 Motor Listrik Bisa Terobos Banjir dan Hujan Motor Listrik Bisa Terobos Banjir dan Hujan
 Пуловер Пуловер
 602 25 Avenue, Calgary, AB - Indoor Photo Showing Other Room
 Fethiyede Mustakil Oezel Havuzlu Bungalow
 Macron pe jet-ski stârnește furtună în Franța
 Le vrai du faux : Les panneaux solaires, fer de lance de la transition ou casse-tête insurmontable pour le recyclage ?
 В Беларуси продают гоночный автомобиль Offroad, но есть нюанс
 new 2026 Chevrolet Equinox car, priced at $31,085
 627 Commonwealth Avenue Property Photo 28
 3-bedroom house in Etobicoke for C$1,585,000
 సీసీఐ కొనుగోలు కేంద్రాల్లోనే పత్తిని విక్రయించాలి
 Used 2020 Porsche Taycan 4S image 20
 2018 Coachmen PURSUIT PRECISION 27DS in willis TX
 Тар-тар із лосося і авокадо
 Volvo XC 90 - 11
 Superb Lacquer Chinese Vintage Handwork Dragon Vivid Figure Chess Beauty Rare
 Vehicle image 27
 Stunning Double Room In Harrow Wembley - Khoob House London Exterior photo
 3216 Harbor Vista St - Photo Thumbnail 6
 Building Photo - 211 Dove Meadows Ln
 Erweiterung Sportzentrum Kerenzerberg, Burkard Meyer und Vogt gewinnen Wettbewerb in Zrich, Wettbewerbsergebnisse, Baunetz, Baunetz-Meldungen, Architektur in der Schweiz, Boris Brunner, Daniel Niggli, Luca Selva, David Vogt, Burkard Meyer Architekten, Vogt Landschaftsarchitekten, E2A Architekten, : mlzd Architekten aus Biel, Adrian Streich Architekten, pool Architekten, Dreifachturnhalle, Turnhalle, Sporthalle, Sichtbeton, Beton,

Exercise prompt: Look over the listing above and copy each line that contains "Avenue".

Written response:
 602 25 Avenue, Calgary, AB - Indoor Photo Showing Other Room
 627 Commonwealth Avenue Property Photo 28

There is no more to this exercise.